Work item:
Lines with the word "Alfredo" in them must be copied from the records below.

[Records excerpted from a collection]

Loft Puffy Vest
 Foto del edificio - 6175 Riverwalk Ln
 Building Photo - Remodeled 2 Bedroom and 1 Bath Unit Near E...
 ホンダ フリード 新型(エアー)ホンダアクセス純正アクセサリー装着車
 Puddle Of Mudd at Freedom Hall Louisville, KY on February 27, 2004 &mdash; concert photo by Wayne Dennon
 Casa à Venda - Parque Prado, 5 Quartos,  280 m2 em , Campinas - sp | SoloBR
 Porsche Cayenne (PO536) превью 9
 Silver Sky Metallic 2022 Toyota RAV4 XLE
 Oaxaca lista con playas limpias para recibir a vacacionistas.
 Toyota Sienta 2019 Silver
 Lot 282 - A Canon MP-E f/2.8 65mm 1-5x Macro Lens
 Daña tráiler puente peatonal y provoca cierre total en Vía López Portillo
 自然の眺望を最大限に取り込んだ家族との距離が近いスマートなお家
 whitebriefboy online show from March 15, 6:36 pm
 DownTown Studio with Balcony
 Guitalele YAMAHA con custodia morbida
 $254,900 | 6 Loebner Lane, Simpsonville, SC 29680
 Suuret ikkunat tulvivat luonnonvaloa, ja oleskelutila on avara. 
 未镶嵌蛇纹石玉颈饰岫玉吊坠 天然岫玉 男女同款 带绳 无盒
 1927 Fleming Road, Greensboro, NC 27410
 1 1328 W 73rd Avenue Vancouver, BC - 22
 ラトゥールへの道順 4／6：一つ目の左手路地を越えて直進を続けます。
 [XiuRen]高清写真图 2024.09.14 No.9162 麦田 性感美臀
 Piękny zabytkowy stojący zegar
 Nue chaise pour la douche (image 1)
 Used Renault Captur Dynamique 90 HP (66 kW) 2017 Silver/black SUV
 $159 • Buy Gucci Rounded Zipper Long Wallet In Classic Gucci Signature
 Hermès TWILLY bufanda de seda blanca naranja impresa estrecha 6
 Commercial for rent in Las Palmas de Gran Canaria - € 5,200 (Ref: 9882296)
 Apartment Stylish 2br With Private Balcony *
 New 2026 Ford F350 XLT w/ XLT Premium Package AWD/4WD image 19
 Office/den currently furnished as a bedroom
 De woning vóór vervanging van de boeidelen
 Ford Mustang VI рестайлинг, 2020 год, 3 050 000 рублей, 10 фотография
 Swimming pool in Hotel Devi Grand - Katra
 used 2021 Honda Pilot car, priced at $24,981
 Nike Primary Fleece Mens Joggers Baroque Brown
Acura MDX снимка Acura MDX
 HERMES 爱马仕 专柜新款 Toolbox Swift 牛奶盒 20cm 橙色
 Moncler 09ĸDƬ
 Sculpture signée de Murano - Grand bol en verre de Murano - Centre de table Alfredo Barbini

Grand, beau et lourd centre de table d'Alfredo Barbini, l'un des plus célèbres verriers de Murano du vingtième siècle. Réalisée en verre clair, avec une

Result:
 Sculpture signée de Murano - Grand bol en verre de Murano - Centre de table Alfredo Barbini
Grand, beau et lourd centre de table d'Alfredo Barbini, l'un des plus célèbres verriers de Murano du vingtième siècle. Réalisée en verre clair, avec une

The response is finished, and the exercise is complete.